The emergency meeting of the Organisation of Petroleum Exporting Countries, OPEC, convened to find a common ground to boost oil prices ended without any resolution.
The meeting held in Doha, the Qatar capital, could not reach a resolution on whether there should be a cut in output by members, amid reports of heightened tension between two of the world’s leading oil producers, Saudi Arabia and Iran.
Iran, which recently returned to the group after international sanctions imposed on it was lifted, wants to begin supply of an average 3.1 million barrels per day of crude to the international market .
With oil price is currently at an average of $39 per barrels, members thought there was need to get together to attempt to strike a deal to stabilise the market and bolster prices.
Although most members had seen the prospect of achieving this objective, reports said the absence of Iran at the meeting made it difficult for any decision.

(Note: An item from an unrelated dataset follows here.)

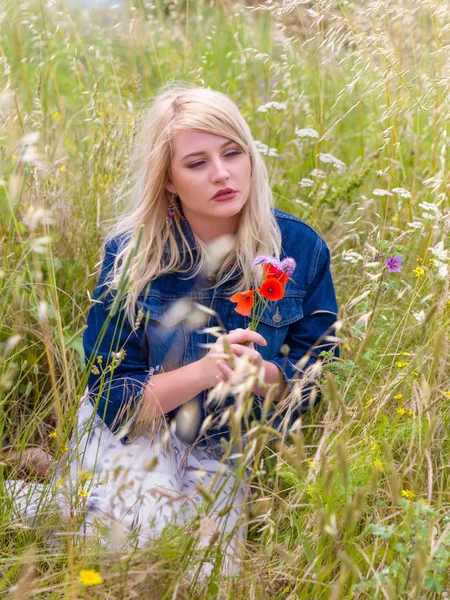 Красивая блондинка с полевыми цветами — стоковое фото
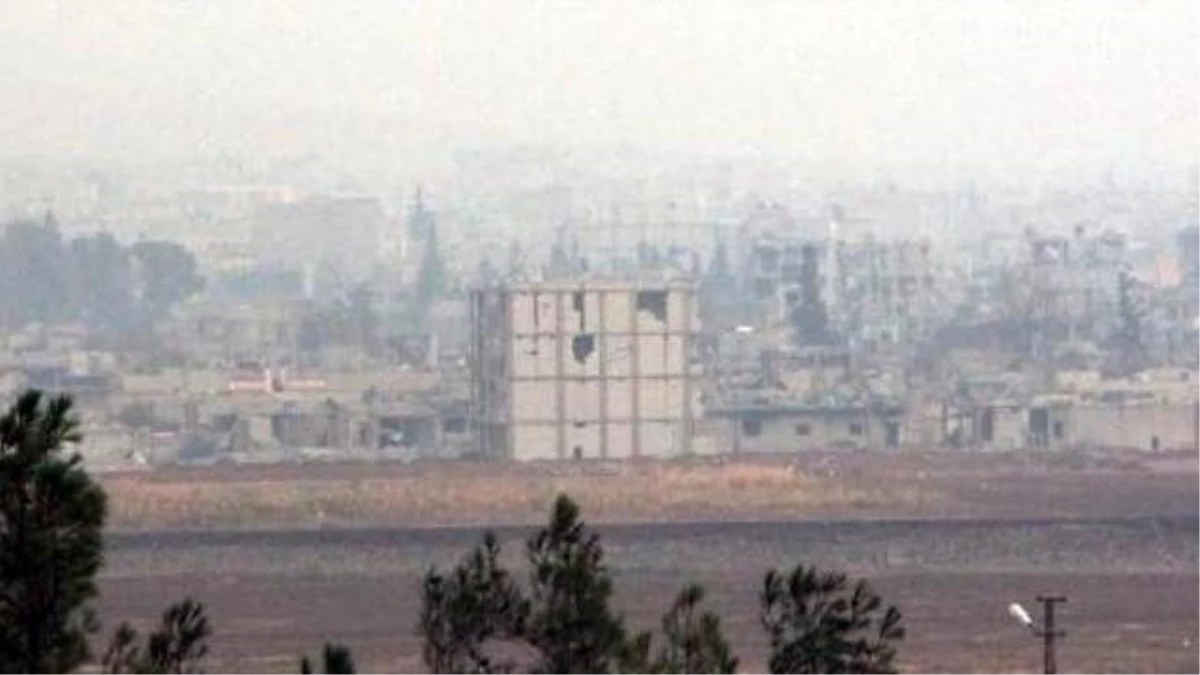 Kobani\'de Yağmur Altında Çatışma Devam Ediyor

Saudi Arabian officials have always said that their country would be willing to abide by the resolution to cut production if Iran was ready to do the same.
Since it returned to the group early this year, Iran has made its position clear that it was more interested in making up for lost grounds, in terms of supplying its oil to cover those years it was shut out by the international sanctions.
It was learnt that efforts by Nigeria’s Minister of State for Petroleum Resources, Ibe Kachikwu, to forge a truce between the two leading producers did not yield the desired result, an indication that the negative impact of the declining global oil prices on the Nigerian economy may continue to linger for some time.
The meeting, which was chaired by the Qatari minister of energy and industry, Mohammed Al Sada, was adjourned to June.
When the group met about five months ago, members had agreed that the best way forward to stabilise the market and firm up prices was to cut January production levels until October 2016.